So, now that you've gotten me thinking more deeply about it, I agree the "Apparent gravitational field" equations are good (with some fixes), but those "Cable section" equations really do need to go. Would you be okay with that? I am confident I can come up with something better about cross section that is well cited with reliable references.  :-)

Skyway (talk) 19:06, 2 April 2011 (UTC)

We need equations about the cable area more than we need equations on the apparent gravity. If I find that there are no equations on this in the article I will revert to a version that has them again. But other than that if you can improve the article in any other way.Rememberway (talk) 19:38, 2 April 2011 (UTC)

That's pretty tough talk, man. I've given thorough, hopefully tone-free, argument as to why the "Cable section" equations are dubious. They are obviously uncited. The same WP:OR complaint has also been issued by at least one other. And you respond with a threat to summarily revert? Without justification? I don't think that's the way you work (I've checked). When I asked if you would be okay with it, I wasn't suggesting that you had go-no-go approval privileges. I was trying to be civil and cooperative, hoping to elicit some reasoned argument. You aren't the owner of this article, don't be trying to force your way by throwing weight around. Justify, dude!

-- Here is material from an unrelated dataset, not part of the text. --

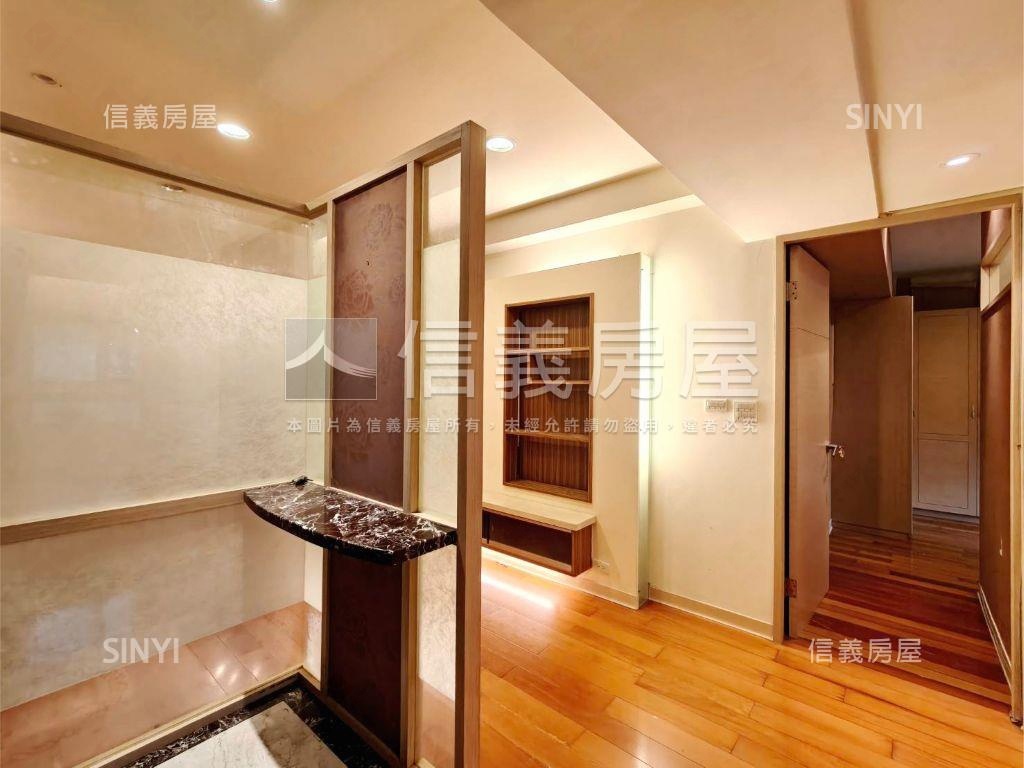 敦南好境四房車位房屋室內格局與周邊環境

There are two arguments here: 1) The applicability of equations in general, and 2) the validity and inclusion of the equations currently in "Cable section". We can disagree on question 1). Although I generally disfavor equations, I'm not hard-over on it, and I'm not on an anti-equation spree. So, don't worry about that. But, on question 2) I have made good arguments for the non-inclusion of those particular equations. I haven't seen any actual backed-up argument for inclusion. I seem to be supported as well by Ashmoo.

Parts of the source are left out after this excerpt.